Siamo certi che Giuseppe Valditara, ministro dell’istruzione e del merito, si sia già pentito delle minacce rivolte a Annalisa Savino, preside del liceo Da Vinci di Firenze, “colpevole” di avere scritto una lettera in cui invita i suoi studenti a vigilare contro la violenza e il fascismo, citando Antonio Gramsci.

«È un’iniziativa inappropriata, non compete a una preside lanciare messaggi di questo tipo e il contenuto non ha nulla a che vedere con la realtà: in Italia non c'è alcuna deriva violenta e autoritaria, non c'è alcun pericolo fascista, valuterò se prendere provvedimenti» ha tuonato Valditara, precisando che «la politica deve restare fuori dalle scuole». Una reazione scomposta e paradossale che offre un assist dorato a chi lo accusa di impiegare metodi da Minculpop, censurando gli insegnanti che non si attengono alla narrazione del governo. Anche perché all’origine della lettera della dirigente scolastica c’è stato il pestaggio di alcuni studenti di sinistra davanti a un altro liceo di Firenze da parte di una squadraccia di Azione giovani, pestaggio che il ministro si è ben guardato dal condannare. Altra circostanza che porta a pensare male.

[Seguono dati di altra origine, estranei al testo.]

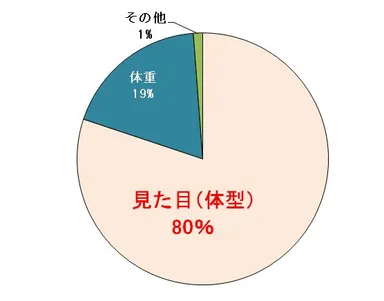 ［Q6：見た目(体型)と体重、どちらを重視しますか？］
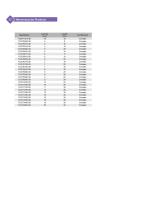 Neurovascular Products Catalogue-8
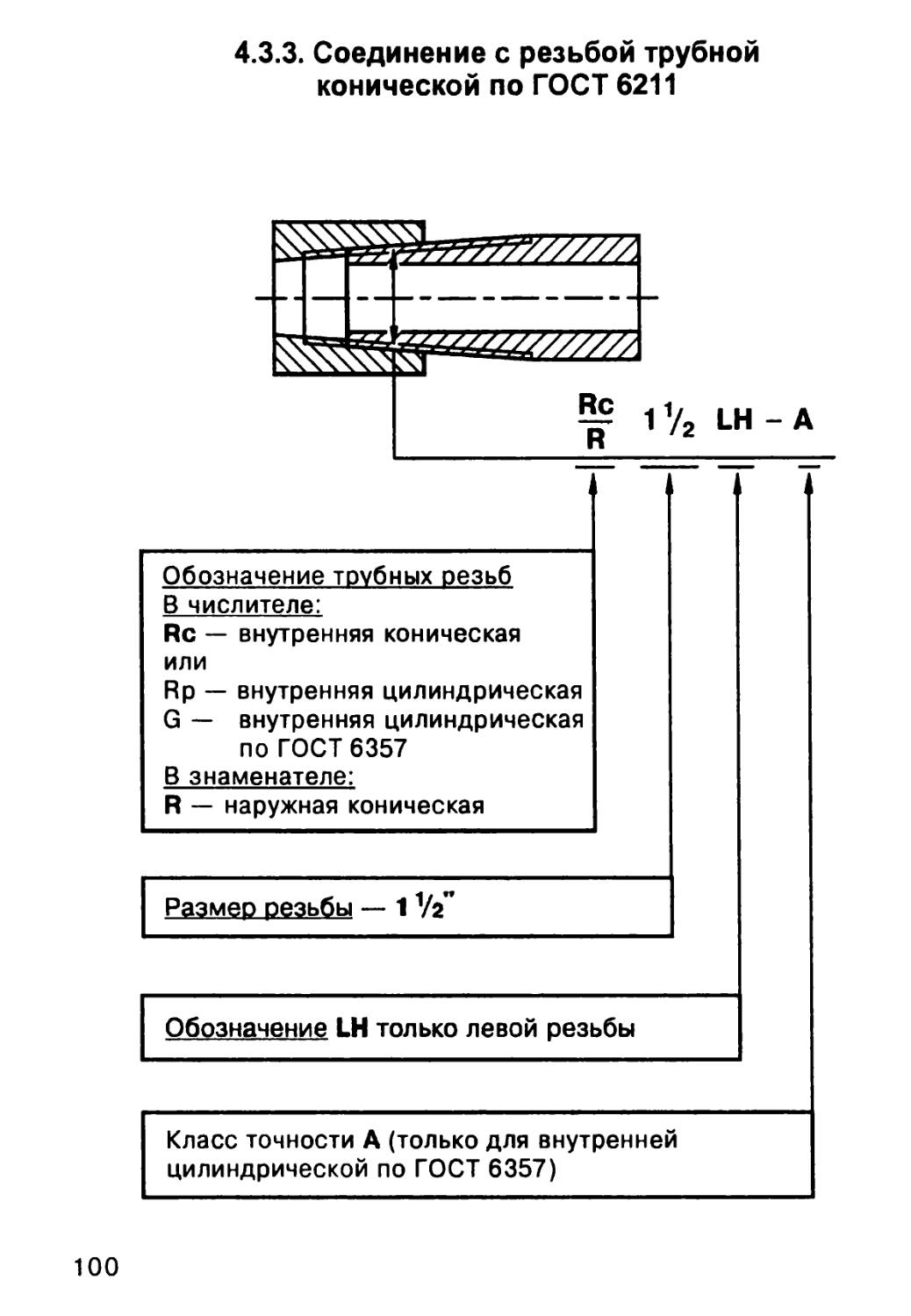 ГОСТ 6211. Машиностроительное черчение учебник.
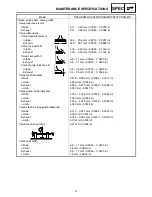 Предварительный просмотр 91 страницы Yamaha Phazer PZ50GTX 2008 Supplementary Service Manual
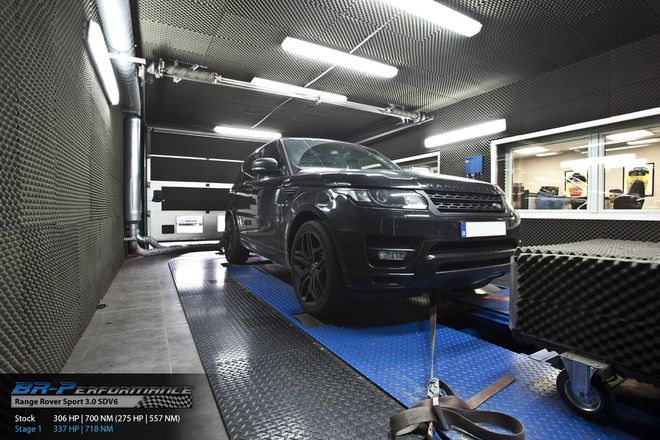   chiptuning, individuele herprogrammatie, motor, vermogenstestbank, dyno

In verità la scuola di Valditara non c’entra nulla con quella del ventennio fascista, concepita da un intellettuale controverso ma senz’altro di grande cultura e competenza come Giovanni Gentile. Assomiglia molto di più a quella bigotta e classista del Regno d’Italia, con il maestro che brandisce la temuta bacchetta, con gli alunni “cattivi” inginocchiati sul granoturco e quelli “somari” esposti alla pubblica gogna con grandi orecchie d’asino. «Voglio ristabilire il principio di autorità» aveva detto il ministro la scorsa settimana criticando la scuola egualitaria aperta alla società nata dal 68, secondo lui origine di ogni male. E pensare che le punizioni corporali furono abolite proprio dal regime fascista. Che ara molto più moderno di Valditara.